Fast Money | “When I started in the Fed, I had an opportunity to get onto a system project where we were developing high-speed currency processing equipment for the whole Federal Reserve System, and I was a product manager for one of the four prototype systems. Because of that, I got the opportunity to travel to Japan and work with a manufacturing company there in connection with the project.”
Economic Education | Now Henshaw is responsible for the seven-member board of directors for Cincinnati. “We also have responsibility for the community outreach activities, which might include different kinds of public programs. For example, we’re getting ready to have a research seminar on financial education, and we’ll be inviting people who are involved in doing economic education, whether it be for children or for adults. Some of them will be teachers. Some of them might be non-profit agencies that provide economic education for low- and moderate-income adults.”
Dollars and Sense | “This is one of the areas I’m very, very interested in, because I also serve as chair of the board of trustees of the Economic Center for Education Research at the University of Cincinnati. Their mission for 30 years has been to incorporate economics and personal financial education into the classroom, and they train teachers in our region to do that. I feel very strongly that if our economy is to grow and prosper, we really must do a better job in educating our citizens on how to make appropriate financial decisions for themselves and their families.”
Banking 101 | The Cincinnati native also helped facilitate a joint conference on the Hispanic population. “When you have an influx of individuals from other countries who may not be familiar with the banking system or they don’t trust the banking system, there’s a real educational learning curve on how our banks here can provide products and services that will be useful and acceptable to, let’s say, the Hispanic immigrant populations that are coming more into the Midwest.”

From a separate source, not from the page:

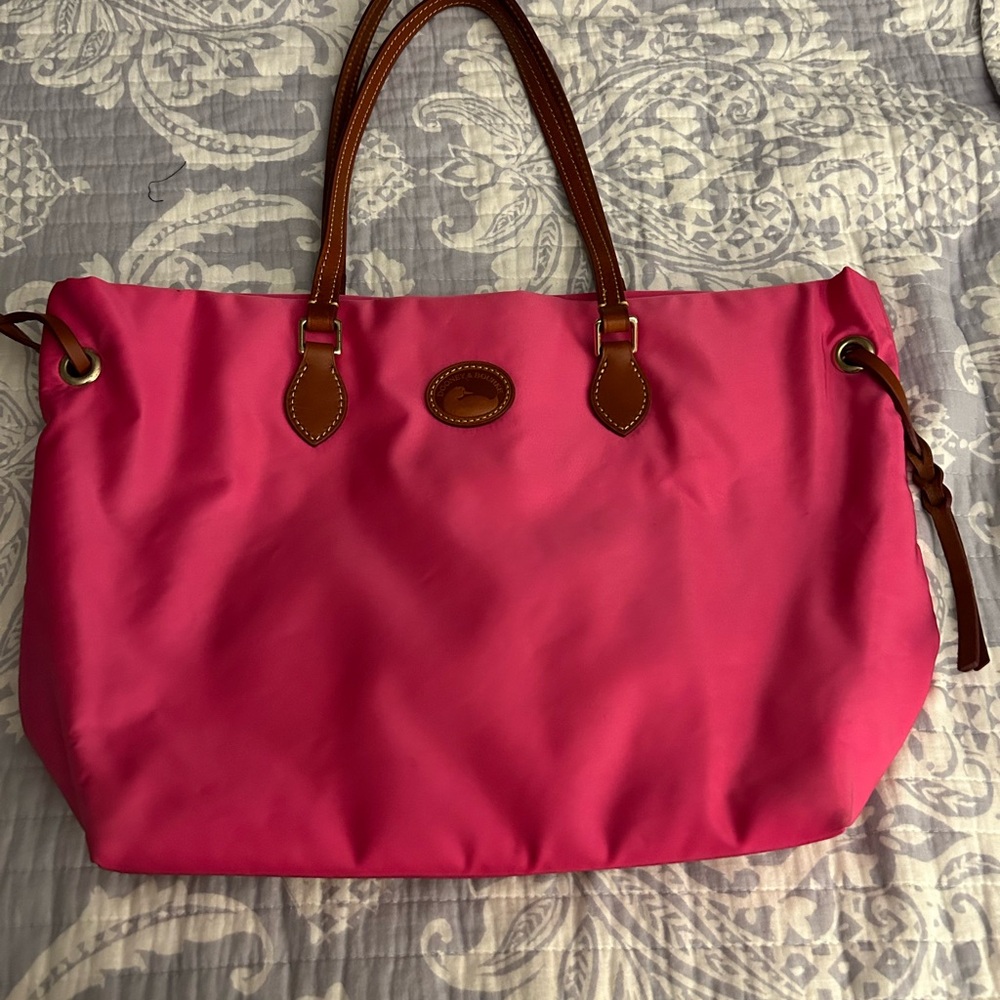 Dooney & Bourke medium nylon shopper - lightly used - no rips or tears.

Safety and Soundness | “As the central bank, you can see things sort of from a very macro level. From a policy level and because we’re not a for-profit organization, our motivation is not returning value to shareholders, per se. But we are always very concerned that what we do is in the best interest of the public in terms of safety and soundness of the financial system—and being transparent and being prudent with the funds that are entrusted to us. But I think that having the ability to have a major impact in the work that we do gives you that opportunity.”